When the investigation against Conte and BALCO was carried out, a number of athletes, including these three, were interrogated by the authorities. Marion Jones was not only found guilty of doping but also of perjury, for which she was sentenced to prison for six months in 2008. All her five medals won at the 2000 Olympics, were taken away as well since she had won them while being under the influence of performance-inducing steroids. Jones became the only athlete to receive a prison sentence because of the investigations. She was reached out to by “Untold” producers to be included in the documentary, but Jones did not respond. Tim Montgomery is the only athlete to appear in the Hall of Shame documentary and talk about his entire experience at the time. During the investigations, Montgomery confessed to the authorities about his doping, and his 2002 record was also declared void. Barry Bonds did not receive any direct punishment because of the claims against him, owing to the fact that they could not be proven. But the man is widely believed to have taken banned steroids during his career, and he has not been voted into the MLB Hall of Fame despite being baseball’s all-time home run record holder.
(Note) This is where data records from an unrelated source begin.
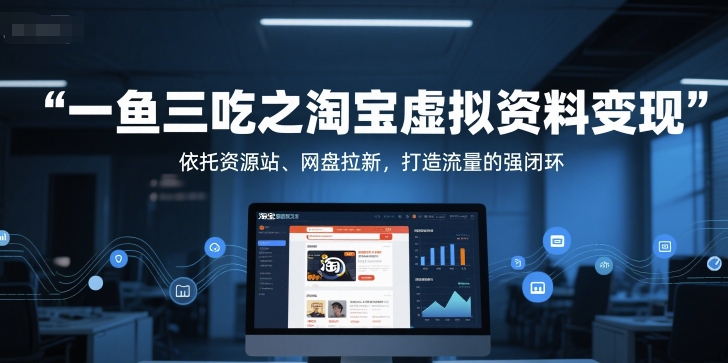 一鱼三吃之淘宝虚拟资料变现，依托资源站、网盘拉新，打造流量的强闭环-网创猫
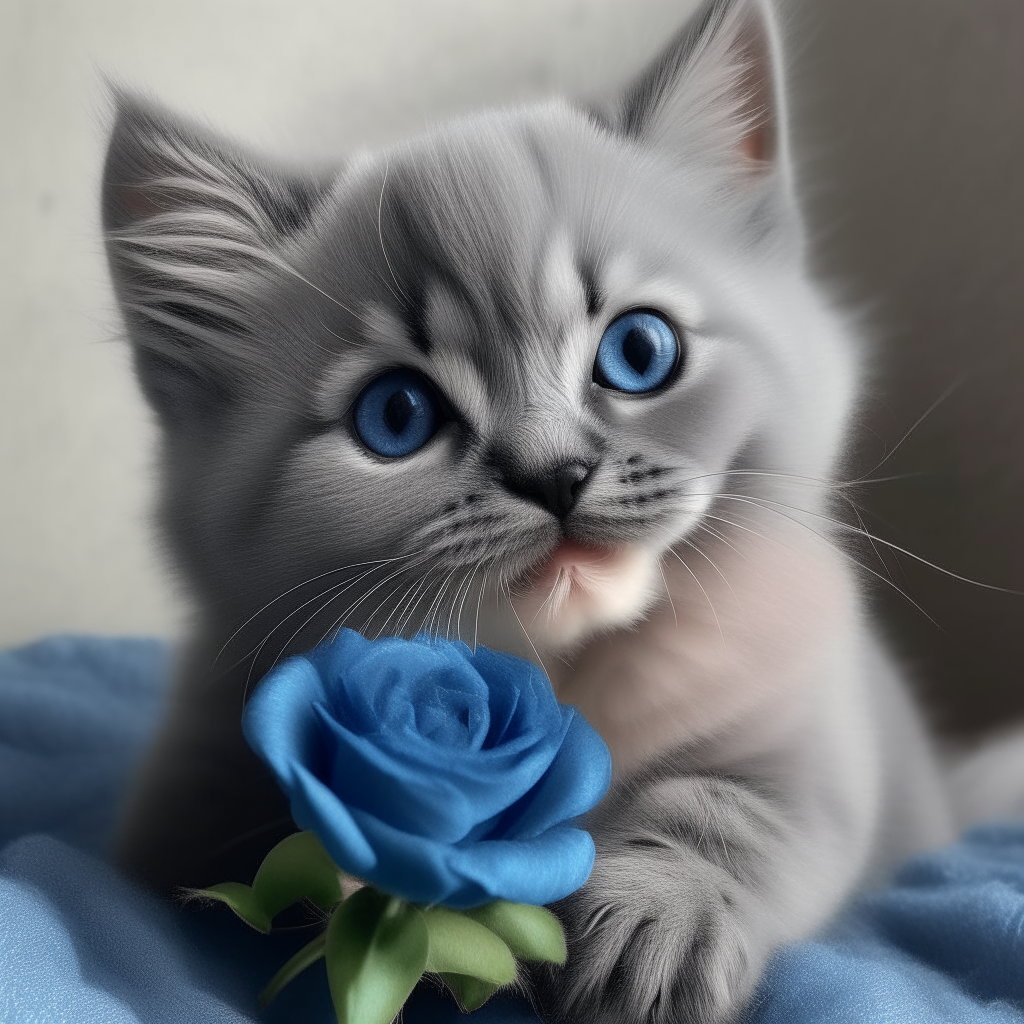 A gray kitten holding a large blue rose against its gray fur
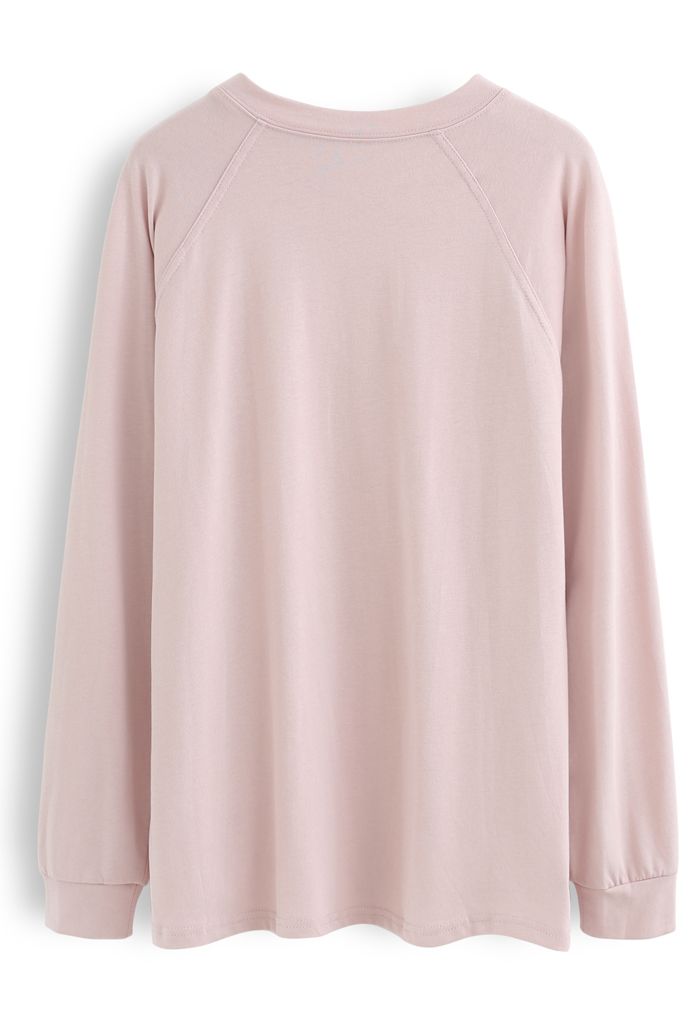 Long Sleeves Loose Pullover Sweatshirt in Pink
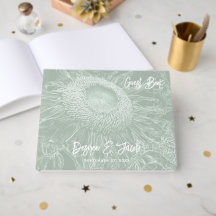 Elegante Girassol Floral Branco Sage Rústico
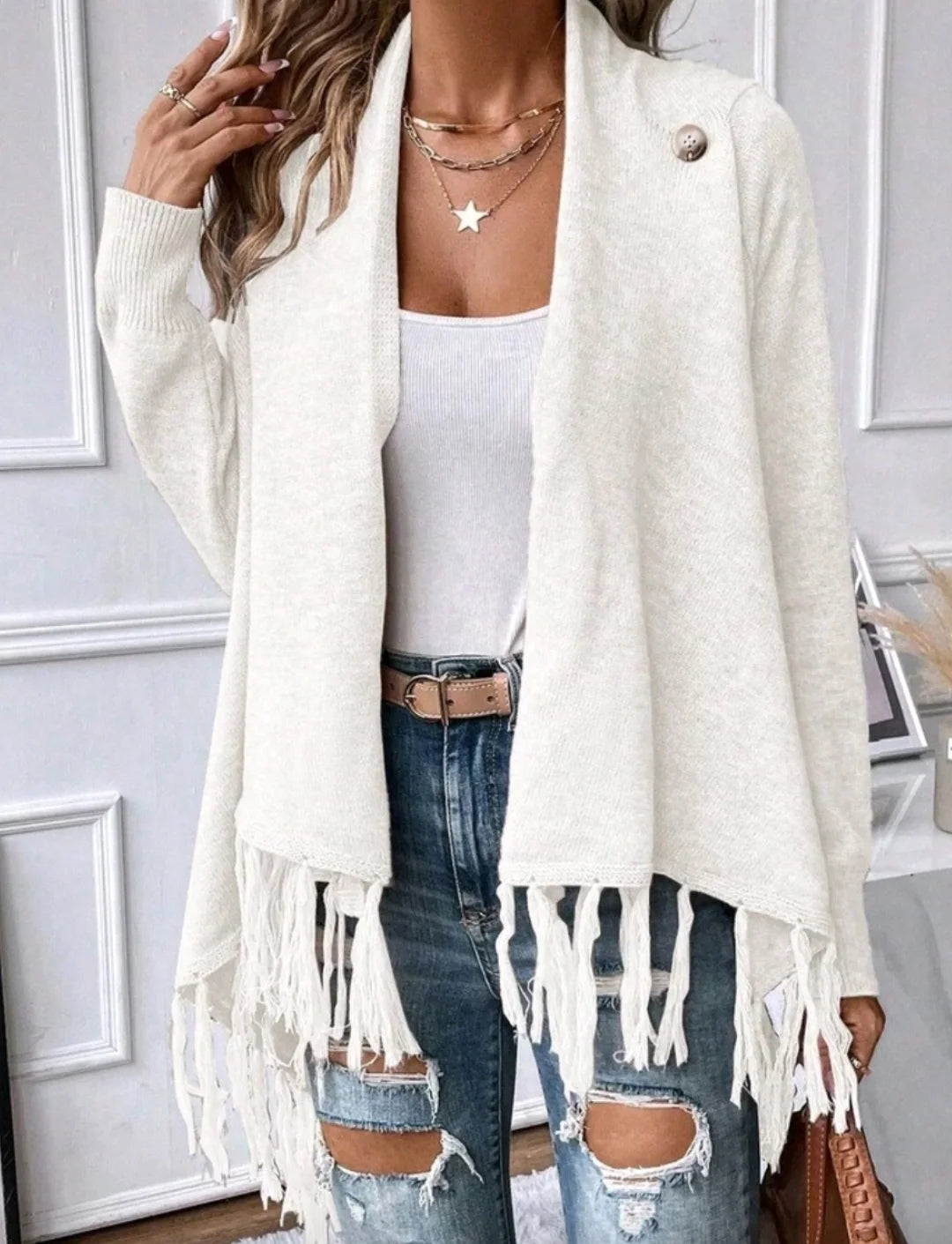 Classic Tassel Women's Knit Cardigan Top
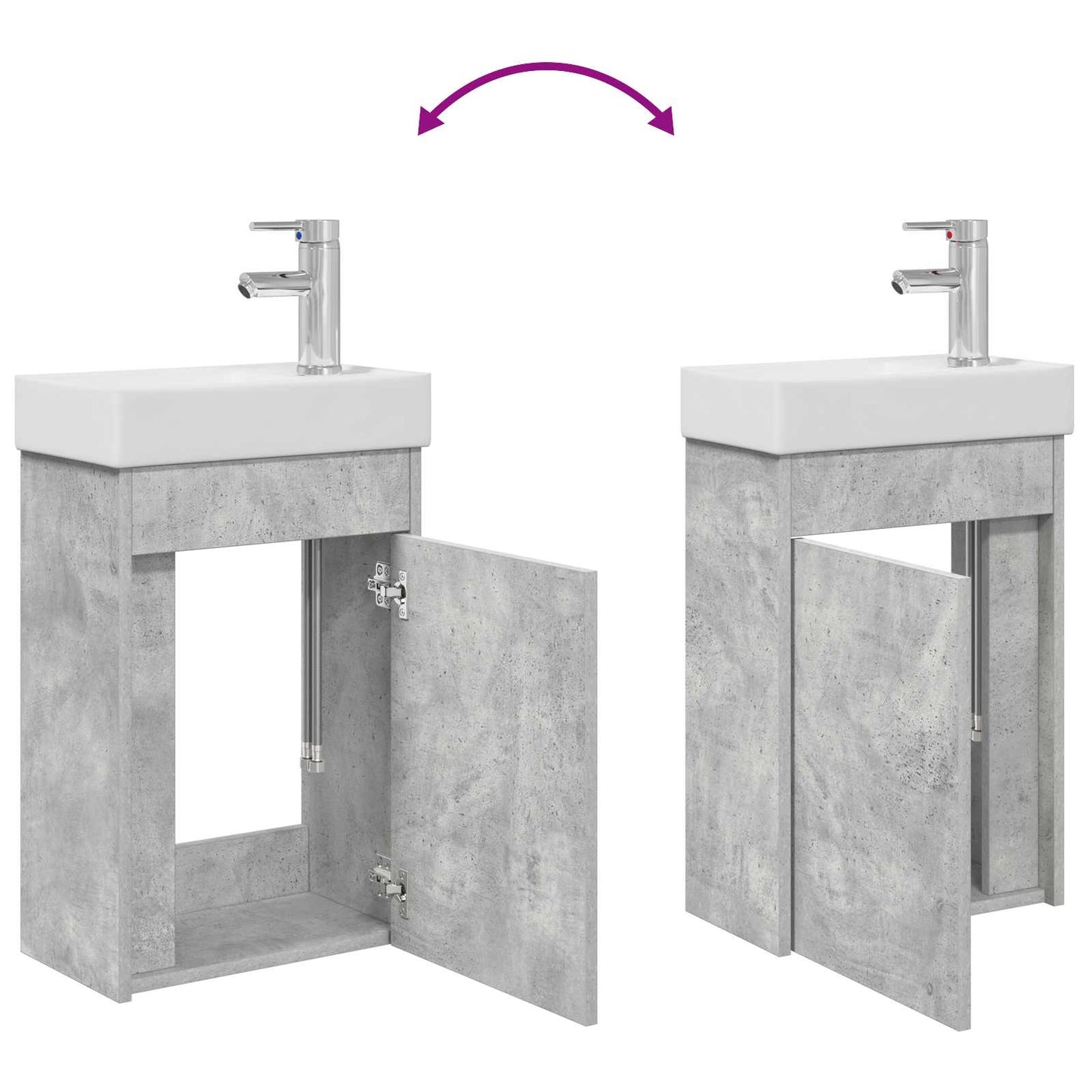 Mobile bagno con rubinetto Grigio Cemento 40,5 x 22,5 x 62 cm | homemem39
Like Jones, Bonds was also contacted by the documentary team, but he too did not respond.
What Did The Investigation Against Victor Conte Lead To?
Jeff Novitsky, an IRS agent at the time, was the lead investigator in the case against BALCO, and he was also the one to uncover Conte’s illegal acts. During a time when Barry Bonds and other MLB players were believed to be using steroids, Novitsky came across the rising profits of BALCO. Almost desperate to understand this rise, the agent started going through the trash cans at BALCO. It was through documents that had been thrown in the trash that Novitsky got hold of a link between the company owner, Victor Conte, and the athletes. Eventually, a full-fledged investigation was carried out, and Conte was also arrested by the IRS, with 42 different charges brought against him.
During this time, in 2004, Conte appeared in an interview on the “20/20” talk show while the investigation against him was still ongoing and spoke about all the athletes he had helped. It was almost certain that Conte himself would be gravely punished, as he was sort of pleading guilty to the charges. Sometime later, though, he hired two specialist lawyers who negotiated with the authorities and carried out their own investigation. The lawyers succeeded in proving that the case was really not as big as was being claimed, and soon, 40 out of the 42 charges against Conte were dropped. The man pleaded guilty to the remaining two, and in 2005 he served just four months in prison, which was the only prison sentence he served.
BALCO does not exist anymore following this major scandal, but Victor Conte is still a free man and an advocate against the use of steroids in sports. After being the developer and provider of performance-inducing drugs, the man has now switched over to the other side, calling out the practice of using steroids in sports.